三郎に言わせると、絶対なにかあるということなのだった。夫は浮気性でよそに別の家庭があって、リコンチョウテイチュウでベッキョしているとか。はたまた、夫はすでに死んでいたり、あるいはあの部屋に幽閉されているかも、とか。
呆れるほど、ぽんぽん出てくるのだった。
「なんのために幽閉するんだよ」
「サスペンスではよくあるだろ?まあ、お前は推理小説どころか活字すら読めないから、わかんないだろうけど」
三郎はけろりとしている。葛葉さんが犯罪者でも知ったこっちゃない、という風なのだ。俺はそれが気にくわなくて思わず(いつも通り)掴みかかりそうになる。
こらっ、と一喝した兄貴も、葛葉さんの旦那さんに会ったことはないと言う。どういう人かも知らないそうだ。仕事と関係ないから別に聞かないそうだ。本当かどうかは知らない。兄貴にはそういうところがあった。俺は兄貴のそういうところを、やっぱりまだ少しドクゼンテキだと思っている。ドクゼンテキという言葉の意味をちゃんとは知らないが、三郎に伝えた時に小馬鹿にした顔をされなかったので、使い方として間違ってはいないのだと思う。
やっぱり、と言えるくらいにはいろいろあったし、まだ少し、と付け加えられるくらいには整理はついたと言える。

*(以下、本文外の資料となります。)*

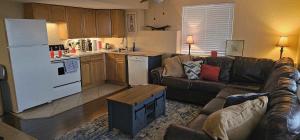 a living room with a couch and a kitchen at Lighthouse Basement Guest Suite in Provo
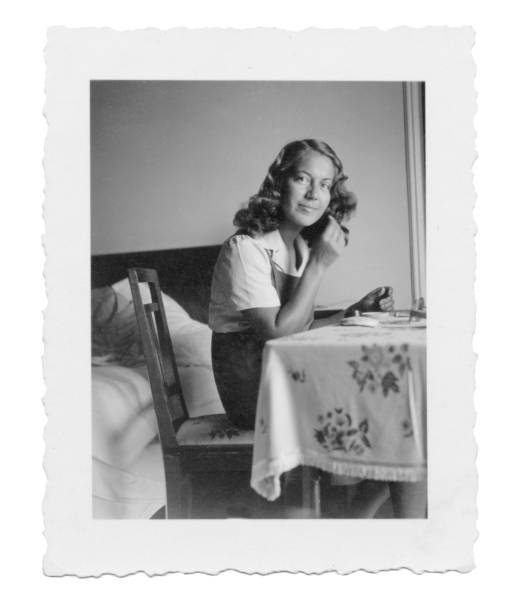 istock 1941,Beautiful young woman put make up on face 1023615572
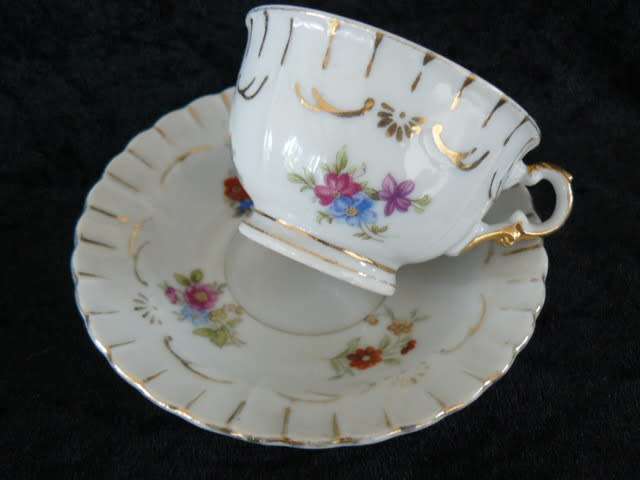 PORCELAIN CUP AND SOUCER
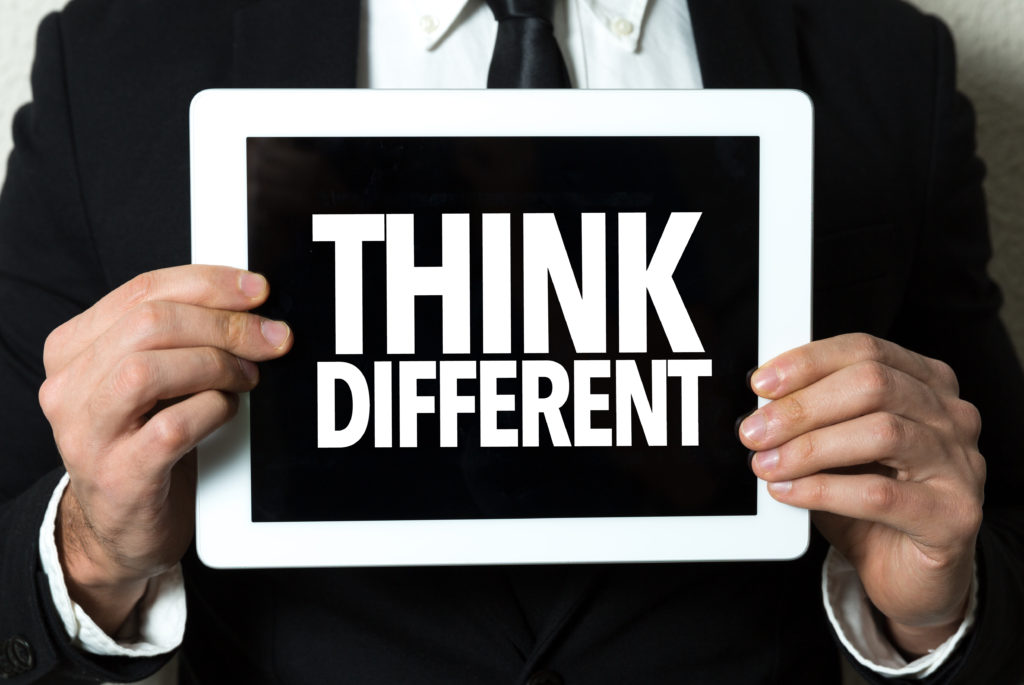 a pair of hands is holding a sign that reads 'think different'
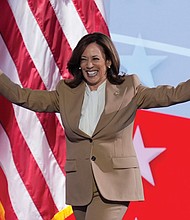 Democratic presidential nominee Vice President Kamala Harris walks on stage Monday during the Democratic National Convention Chicago.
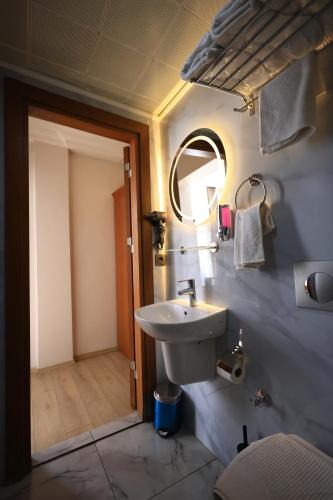 a bathroom with a sink and a mirror at New House Hotel in Istanbul
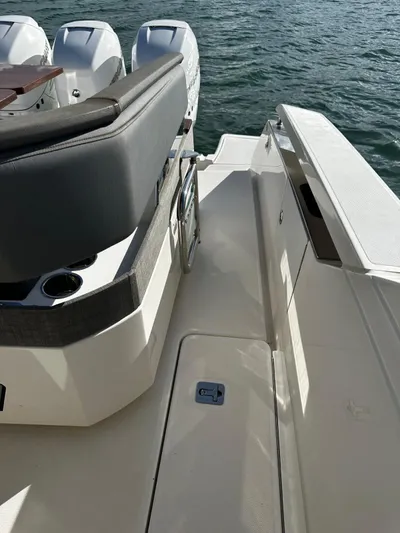  Yacht Photos Pics 2020 Tiara Yachts 38 LS boat deck with seating and outboard motors.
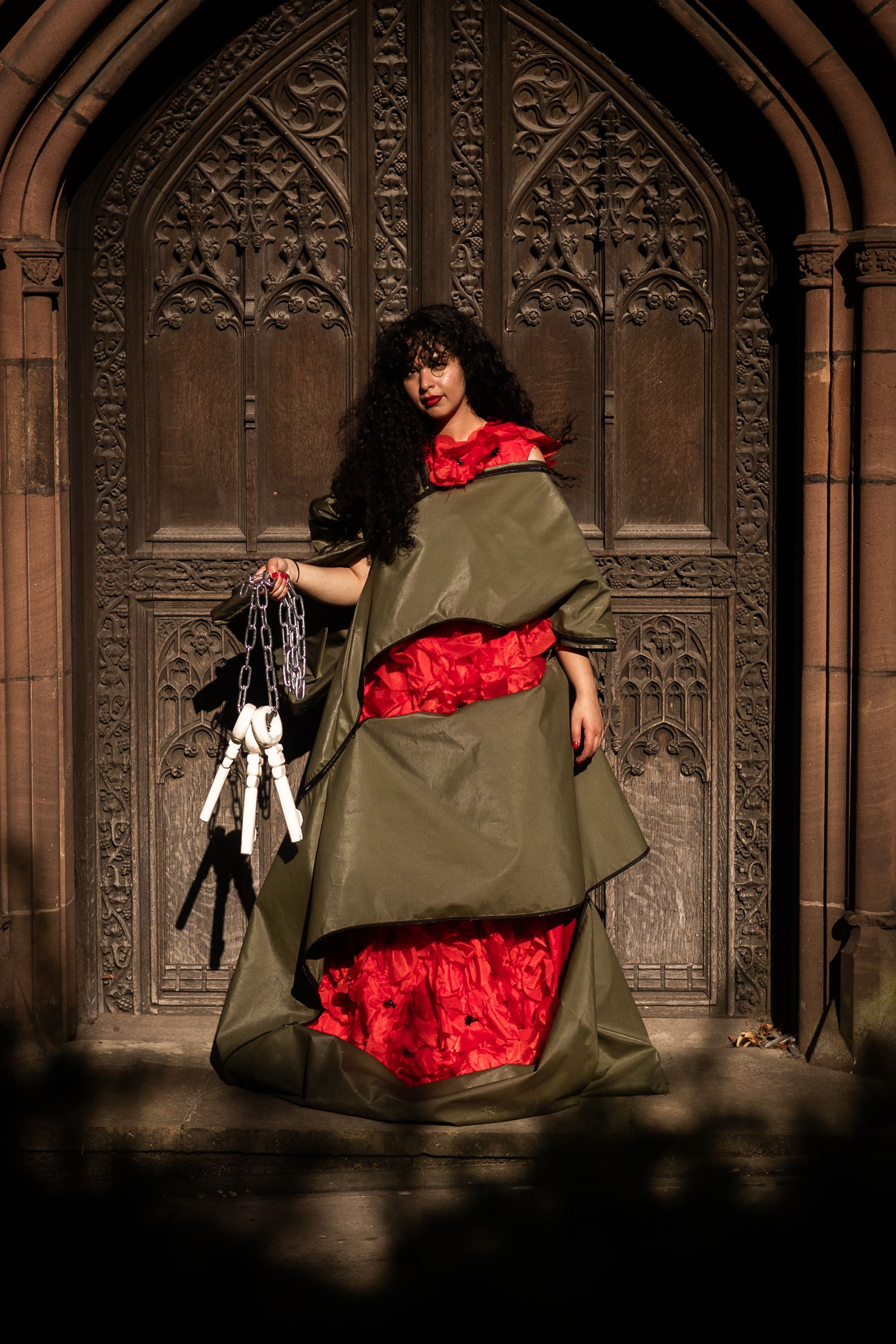 A figure in an olive green dress and red petticoat twirls dramatically against an ornate Gothic church backdrop.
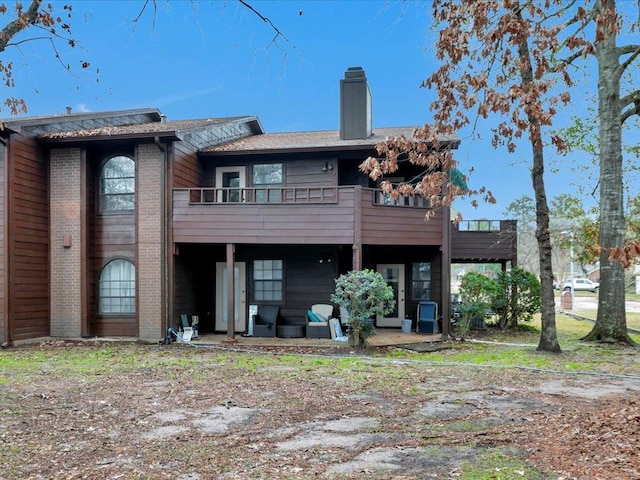 back of house featuring a balcony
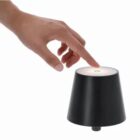 Hand reaching to touch the top of a small, black, conical lamp with a lighted surface.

家に帰ると、葛葉さんが一階にいなかった。二階に上がると、案の定奥の部屋にいて、少し開いたドアの隙間から声が聞こえていた。電話をしているようだ。内容までは聞き取れないが、真面目な声色からして仕事かもしれない。土曜まで仕事なんて大変だな、なんて思いながらリビングで待つことに決める。階段を降りる前に、ちらりと例の閉ざされた扉を見た。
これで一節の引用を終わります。